> Task directions: Repeat the span of the entries below that starts at the line with "Natural Blue Apatite" and ends at the line with "(best quality,highres:1.2),silhouette of", nothing more. Skip the pictures.

> Data to examine:
• • • •

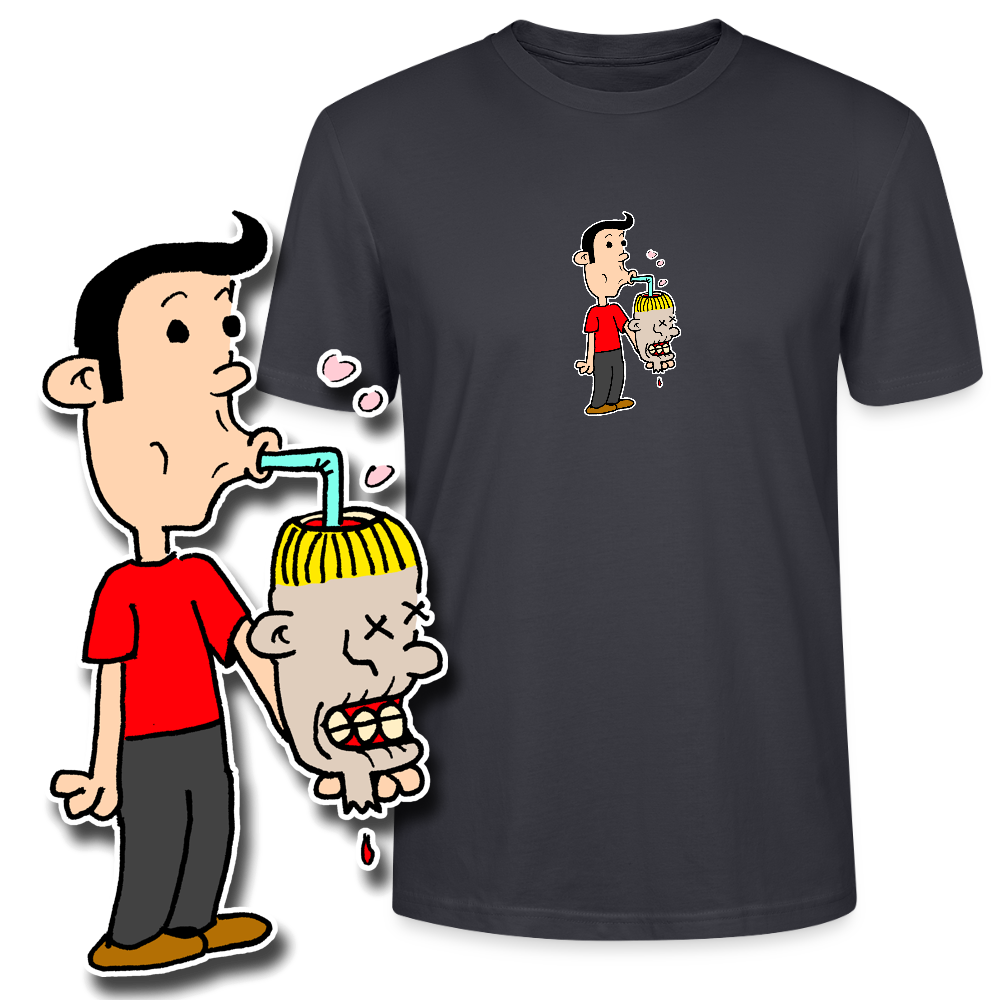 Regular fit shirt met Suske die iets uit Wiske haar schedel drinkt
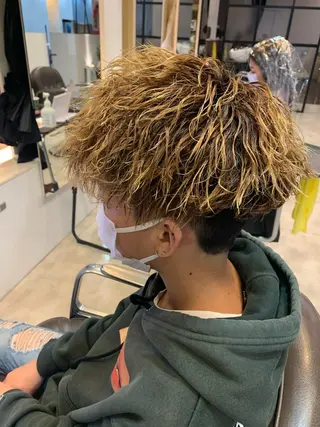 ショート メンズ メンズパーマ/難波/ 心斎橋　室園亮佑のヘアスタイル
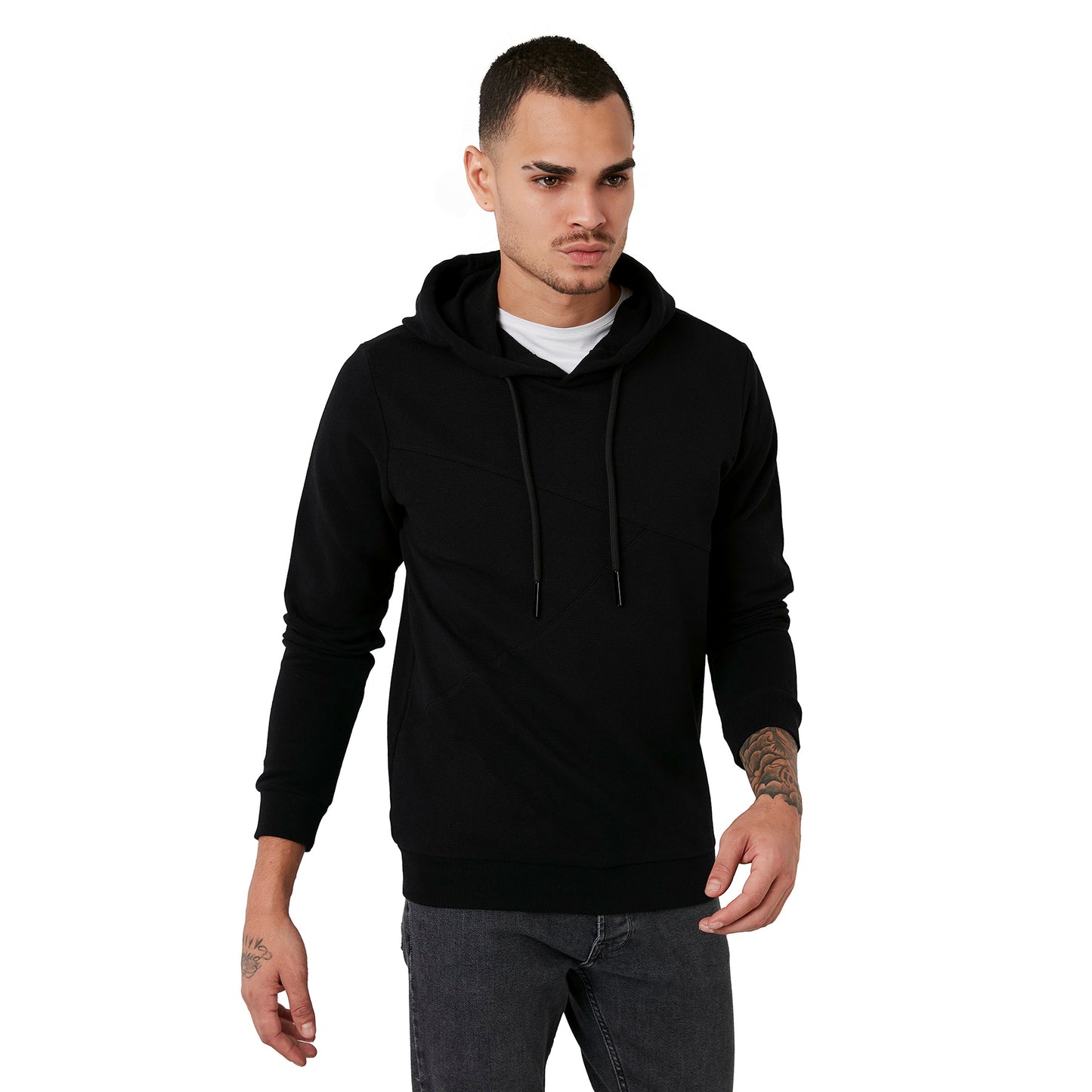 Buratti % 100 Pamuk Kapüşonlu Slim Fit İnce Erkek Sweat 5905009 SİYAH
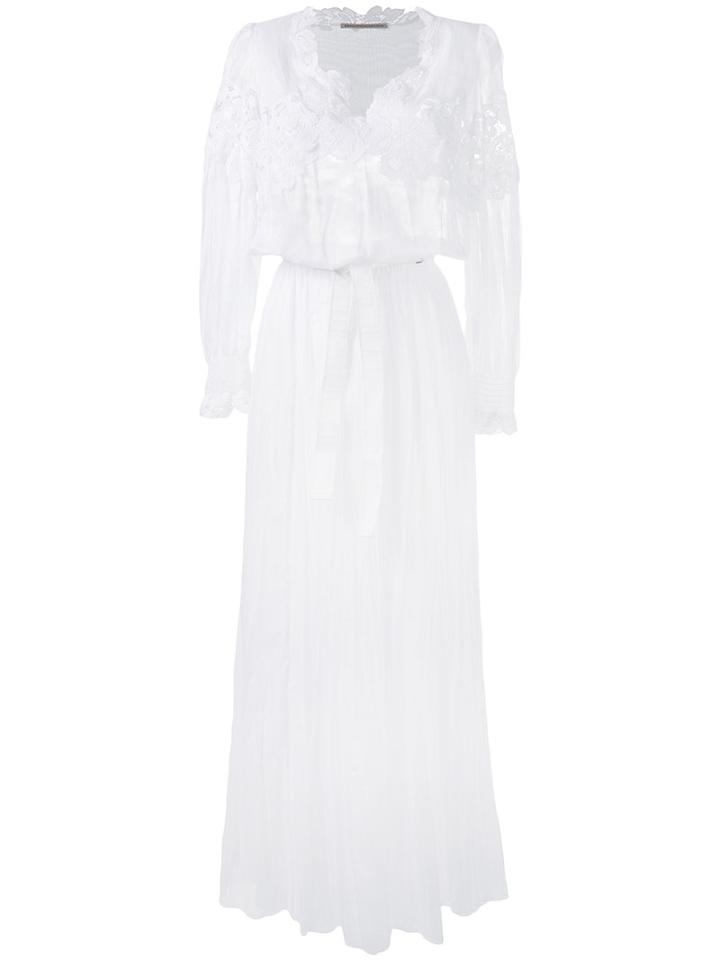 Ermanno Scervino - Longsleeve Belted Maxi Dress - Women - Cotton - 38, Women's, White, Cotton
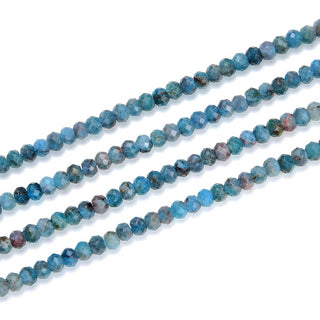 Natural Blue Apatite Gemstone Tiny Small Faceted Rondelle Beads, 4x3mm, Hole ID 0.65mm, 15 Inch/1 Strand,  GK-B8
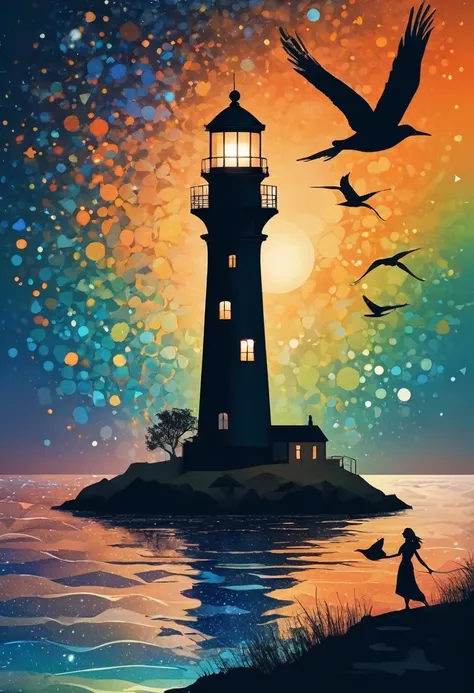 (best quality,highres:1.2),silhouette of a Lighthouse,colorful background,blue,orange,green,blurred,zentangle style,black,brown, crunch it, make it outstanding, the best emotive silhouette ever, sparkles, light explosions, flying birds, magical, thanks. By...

• • • •

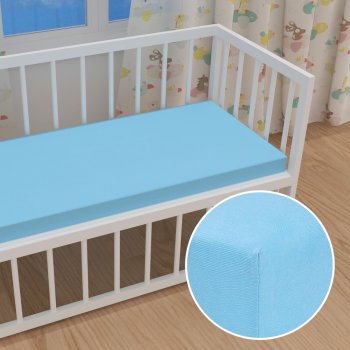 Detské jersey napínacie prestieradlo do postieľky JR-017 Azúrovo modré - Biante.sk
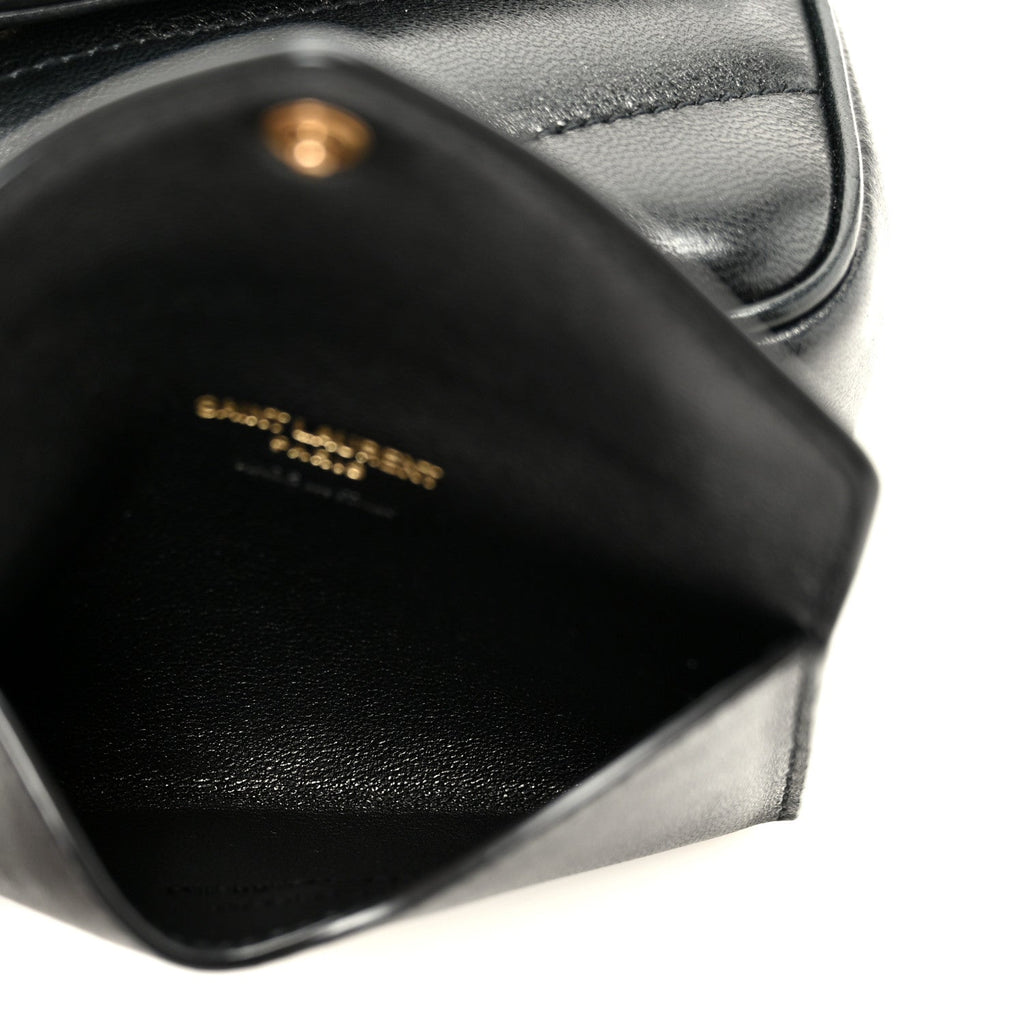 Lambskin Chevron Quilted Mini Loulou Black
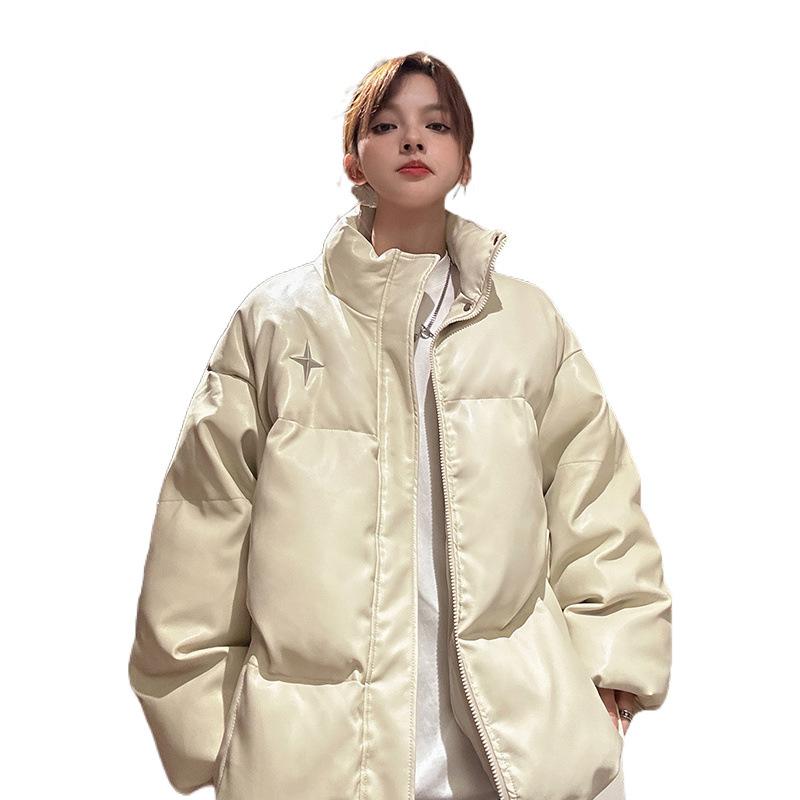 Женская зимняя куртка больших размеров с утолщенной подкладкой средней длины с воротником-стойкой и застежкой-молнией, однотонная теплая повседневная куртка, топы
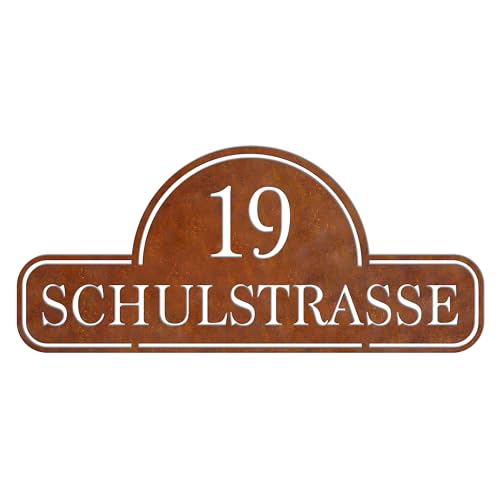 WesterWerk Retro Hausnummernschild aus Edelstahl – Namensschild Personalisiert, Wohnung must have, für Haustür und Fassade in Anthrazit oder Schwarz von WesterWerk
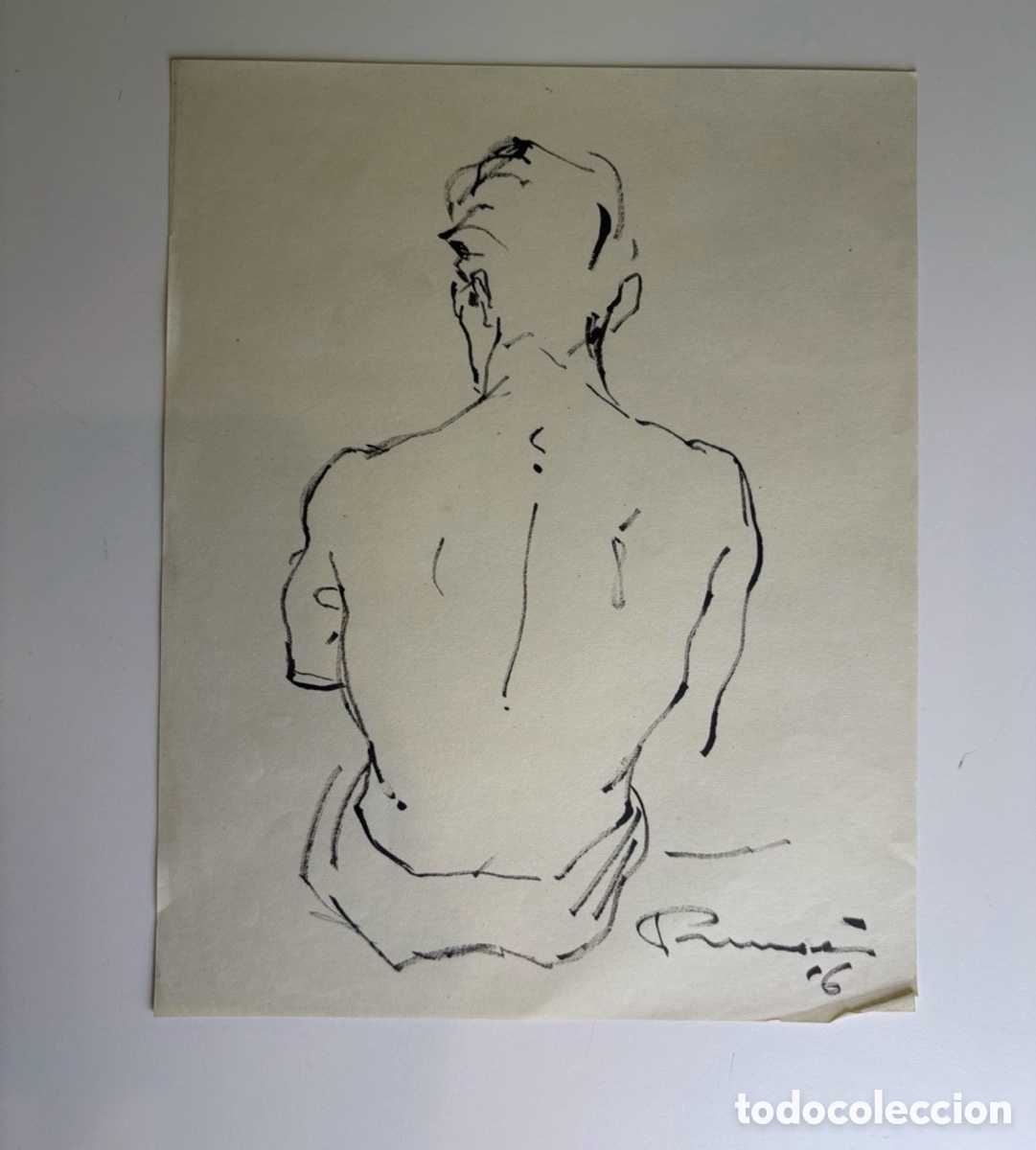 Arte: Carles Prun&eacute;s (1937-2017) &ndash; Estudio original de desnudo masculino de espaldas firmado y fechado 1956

• • • •

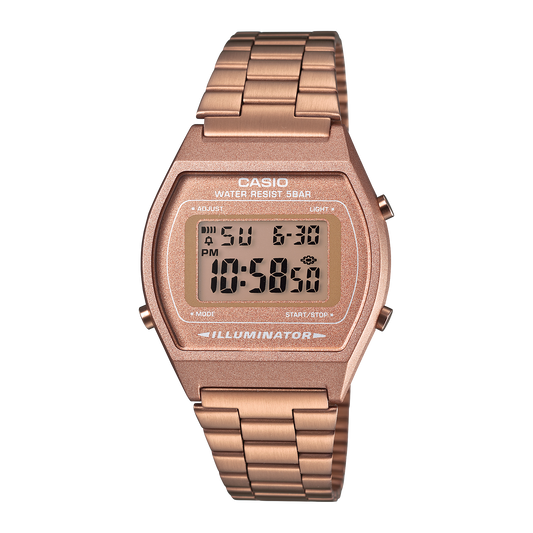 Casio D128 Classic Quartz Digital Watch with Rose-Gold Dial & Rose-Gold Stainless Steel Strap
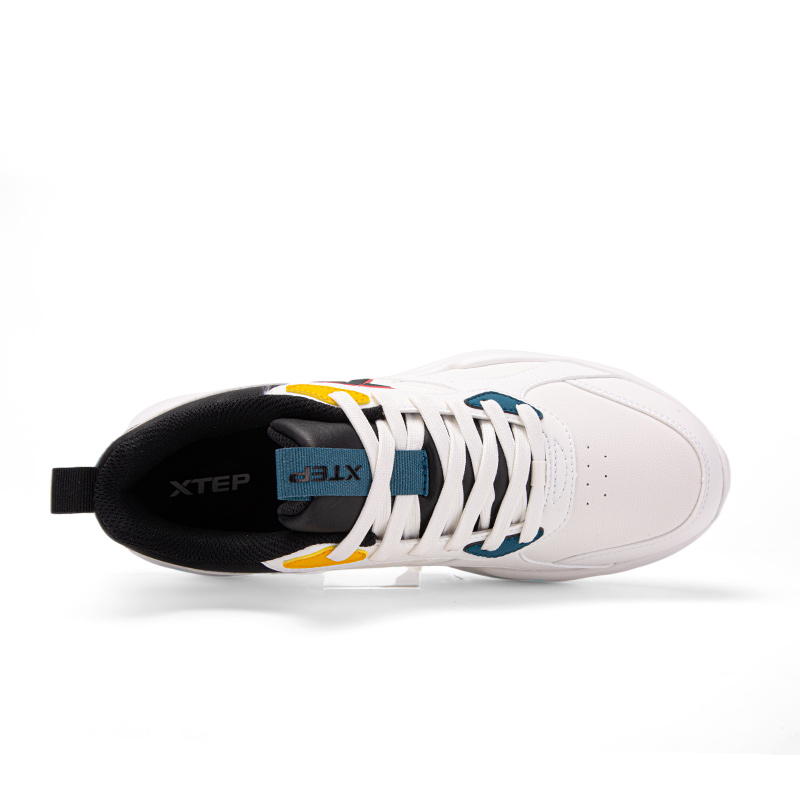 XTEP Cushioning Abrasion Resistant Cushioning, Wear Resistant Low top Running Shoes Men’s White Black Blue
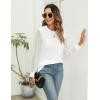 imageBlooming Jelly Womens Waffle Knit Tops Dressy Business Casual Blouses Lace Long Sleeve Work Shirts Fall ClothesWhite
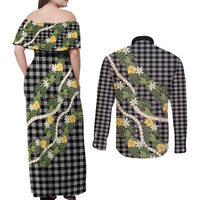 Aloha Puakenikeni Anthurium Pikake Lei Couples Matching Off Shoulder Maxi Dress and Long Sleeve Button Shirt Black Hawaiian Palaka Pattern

• • • •

> Written reply:
 Natural Blue Apatite Gemstone Tiny Small Faceted Rondelle Beads, 4x3mm, Hole ID 0.65mm, 15 Inch/1 Strand,  GK-B8
 (best quality,highres:1.2),silhouette of a Lighthouse,colorful background,blue,orange,green,blurred,zentangle style,black,brown, crunch it, make it outstanding, the best emotive silhouette ever, sparkles, light explosions, flying birds, magical, thanks. By...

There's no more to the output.